**TASK REQUIREMENTS**
Set down each record that follows exactly. Drop the images.

++++

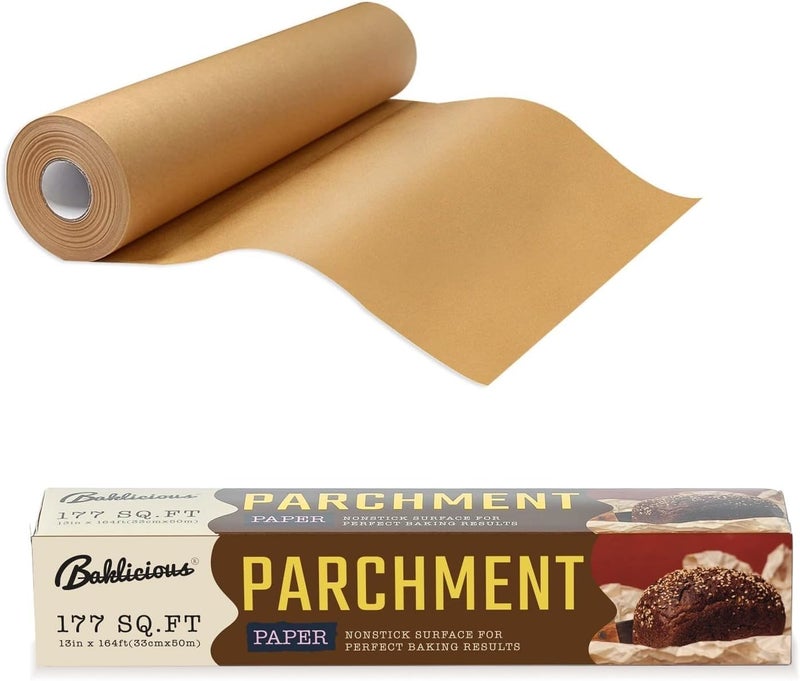 BAKLICIOUS Unbleached Parchment Paper Roll for Baking, 13 in x 242 Ft, 249 Sq.Ft, Baklicious Non-stick Baking Parchment Paper for Baking, Cookies, Bread, Oven, Air Fryer, Steamer, Baking paper - Image 1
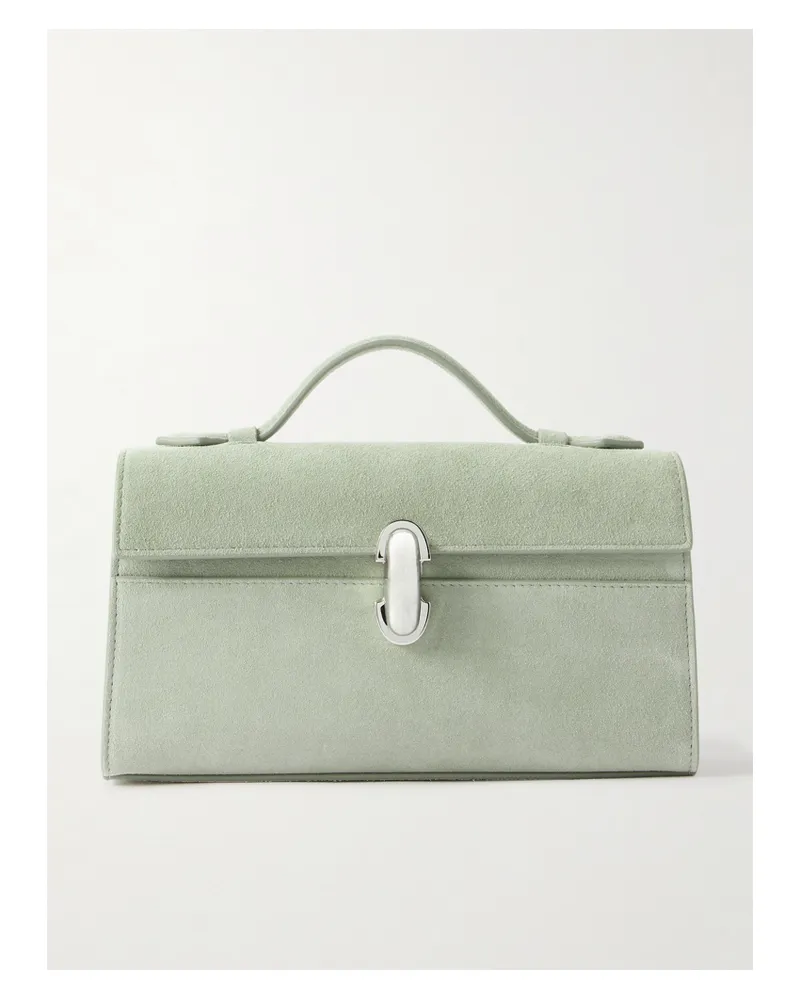 SAVETTE Symmetry Pochette Suede Tote - Green Green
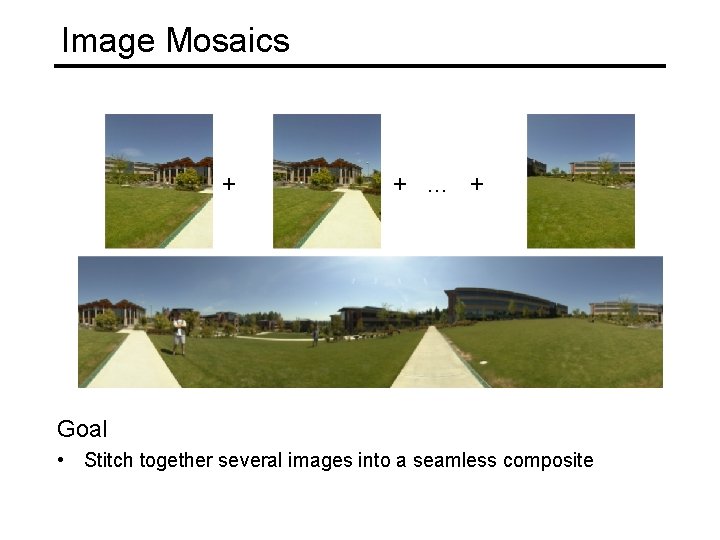 Image Mosaics + + … + = Goal • Stitch together several images into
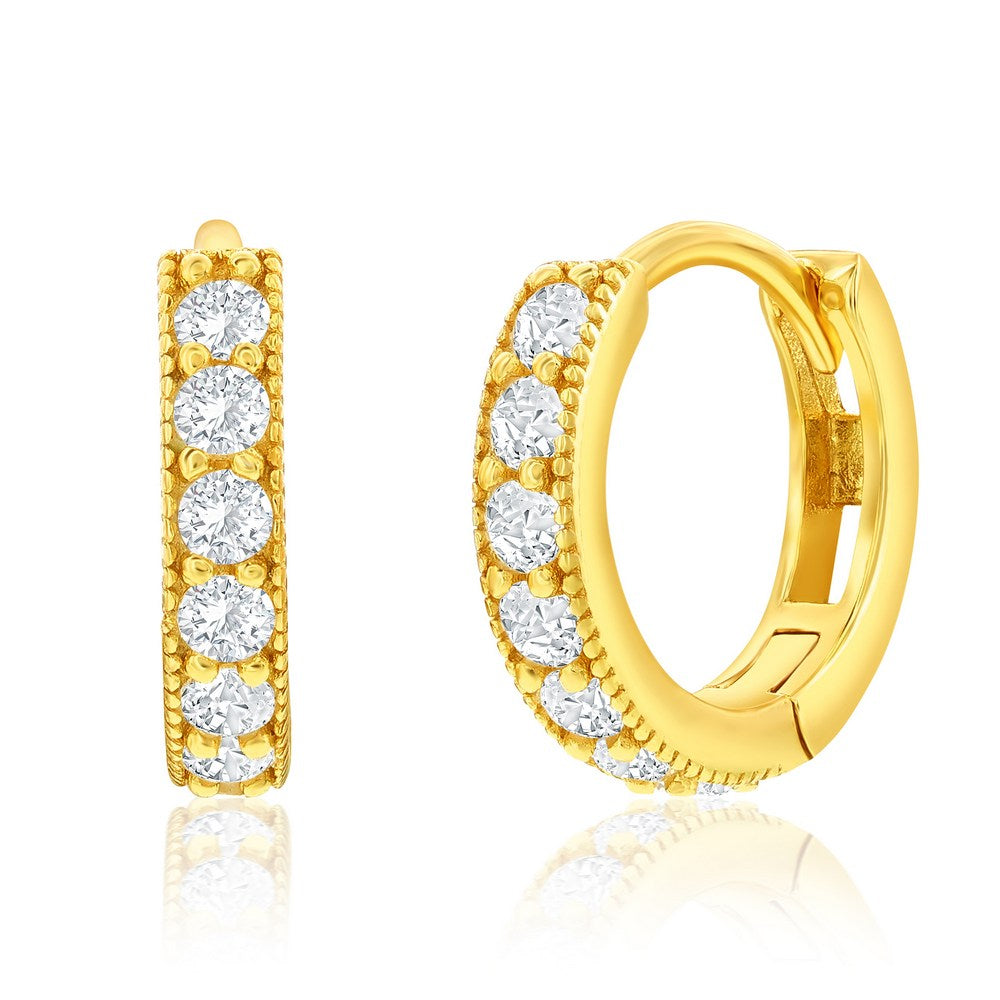 Sterling Silver 13mm CZ Hoop Earrings – Gold Plated Huggie Style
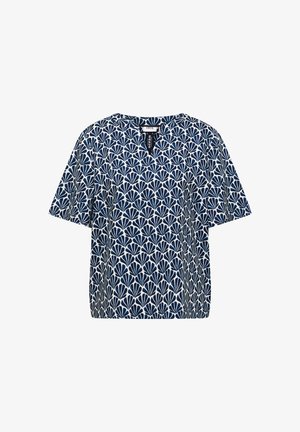 Blusa de manga corta en azul marino y blanco con patrón repetido en forma de abanico y un pequeño corte en forma de V en el cuello.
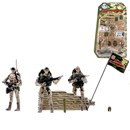 3 Desert Marine figures dressed in uniform with 22 articulated points. Includes various accessories such as control pole, vests, accessory belts and much more  Height 9.5cm. 1:18 scale.  Age 3+.
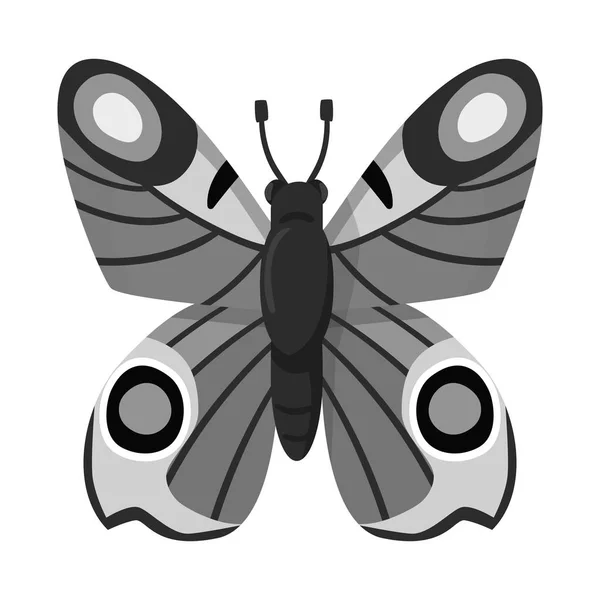 Izolovaný objekt z motýlka a symbolu biologie. Výběr symbolu motýla a volně žijících akcií pro web. — Stockový vektor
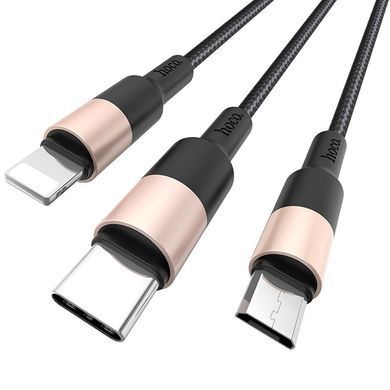 Дата кабель Hoco X26 Xpress 3in1 USB to Lightning/Type-C/MicroUSB 2A (1.2m) Черный / Золотой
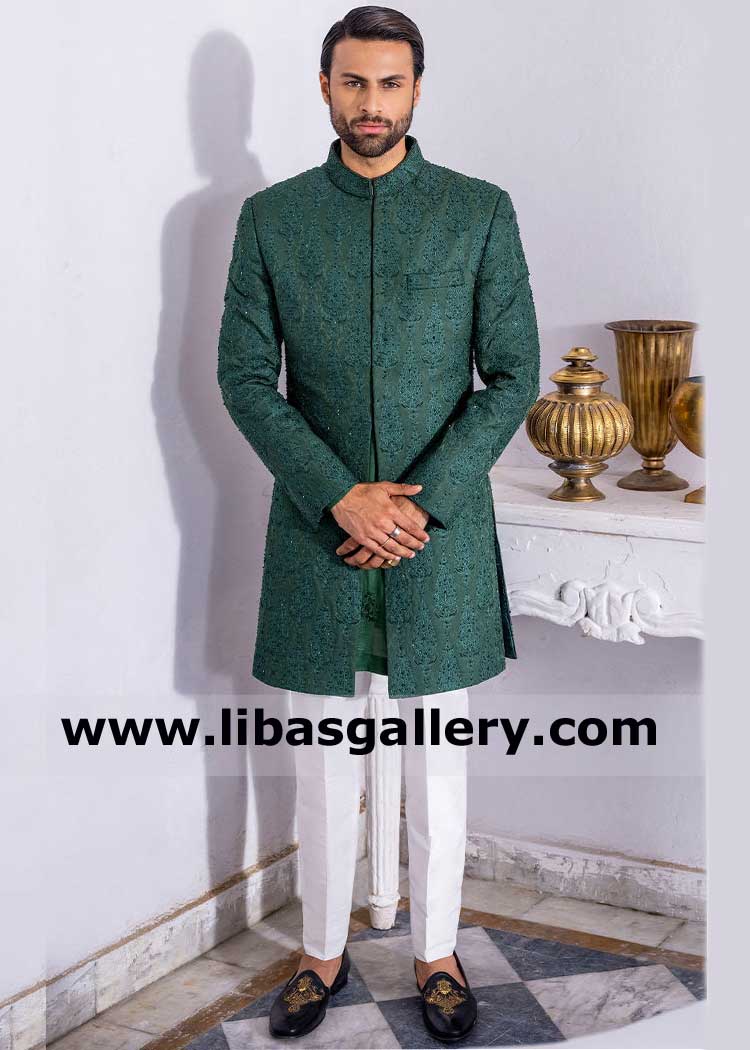 Emerald Green Short length Men Embellished Wedding Sherwani Emerald Dabka kora hand work detail paired with white trouser UK USA Australia Dubai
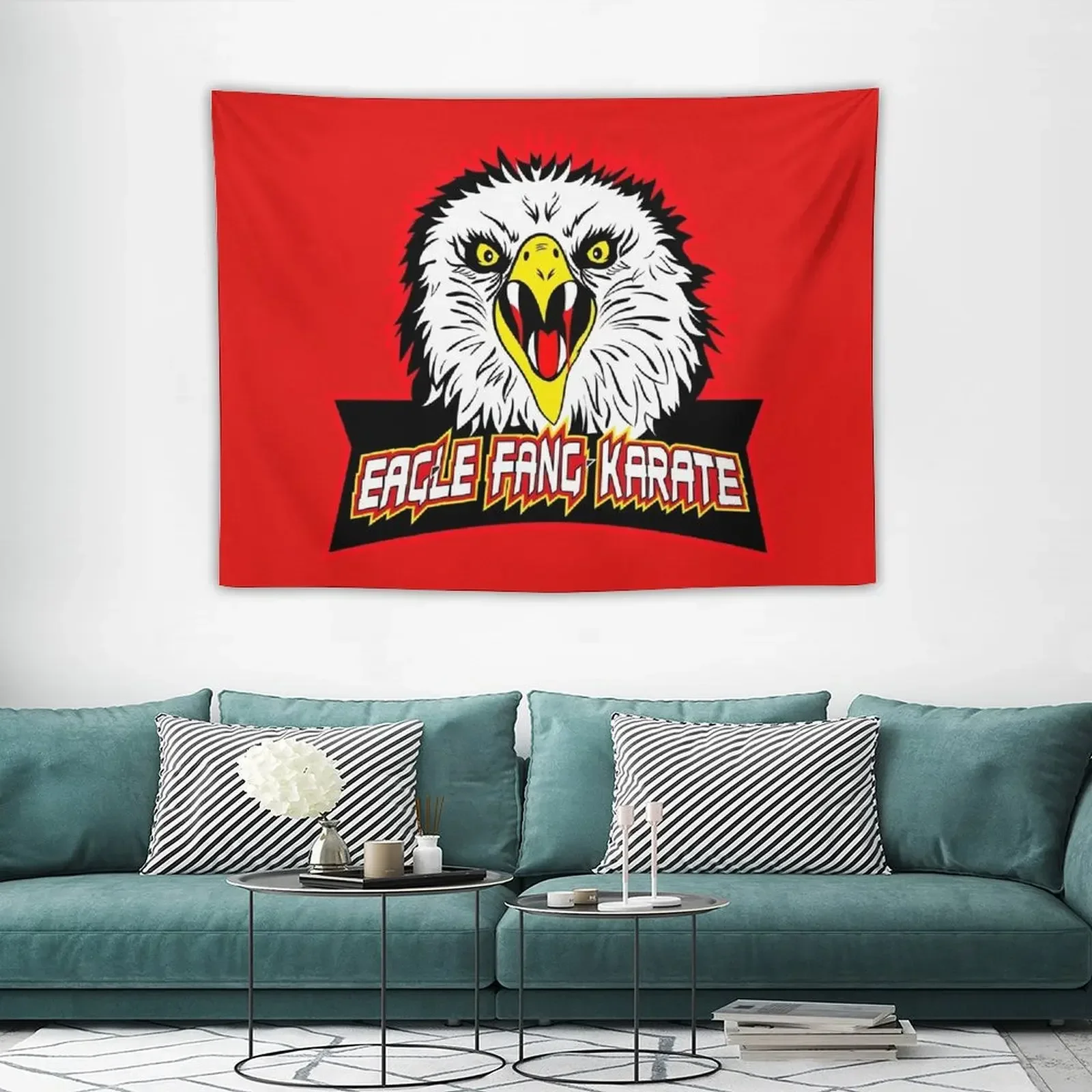 

(RED) Original Badass Eagle Fang Karate dojo logo (symbol martial art 80s) Tapestry Bedroom Decoration House Decoration Tapestry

++++

**RESULT OF THIS EXERCISE**
 BAKLICIOUS Unbleached Parchment Paper Roll for Baking, 13 in x 242 Ft, 249 Sq.Ft, Baklicious Non-stick Baking Parchment Paper for Baking, Cookies, Bread, Oven, Air Fryer, Steamer, Baking paper - Image 1
 SAVETTE Symmetry Pochette Suede Tote - Green Green
 Image Mosaics + + … + = Goal • Stitch together several images into
 Sterling Silver 13mm CZ Hoop Earrings – Gold Plated Huggie Style
 Blusa de manga corta en azul marino y blanco con patrón repetido en forma de abanico y un pequeño corte en forma de V en el cuello.
 3 Desert Marine figures dressed in uniform with 22 articulated points. Includes various accessories such as control pole, vests, accessory belts and much more  Height 9.5cm. 1:18 scale.  Age 3+.
 Izolovaný objekt z motýlka a symbolu biologie. Výběr symbolu motýla a volně žijících akcií pro web. — Stockový vektor
 Дата кабель Hoco X26 Xpress 3in1 USB to Lightning/Type-C/MicroUSB 2A (1.2m) Черный / Золотой
 Emerald Green Short length Men Embellished Wedding Sherwani Emerald Dabka kora hand work detail paired with white trouser UK USA Australia Dubai

(RED) Original Badass Eagle Fang Karate dojo logo (symbol martial art 80s) Tapestry Bedroom Decoration House Decoration Tapestry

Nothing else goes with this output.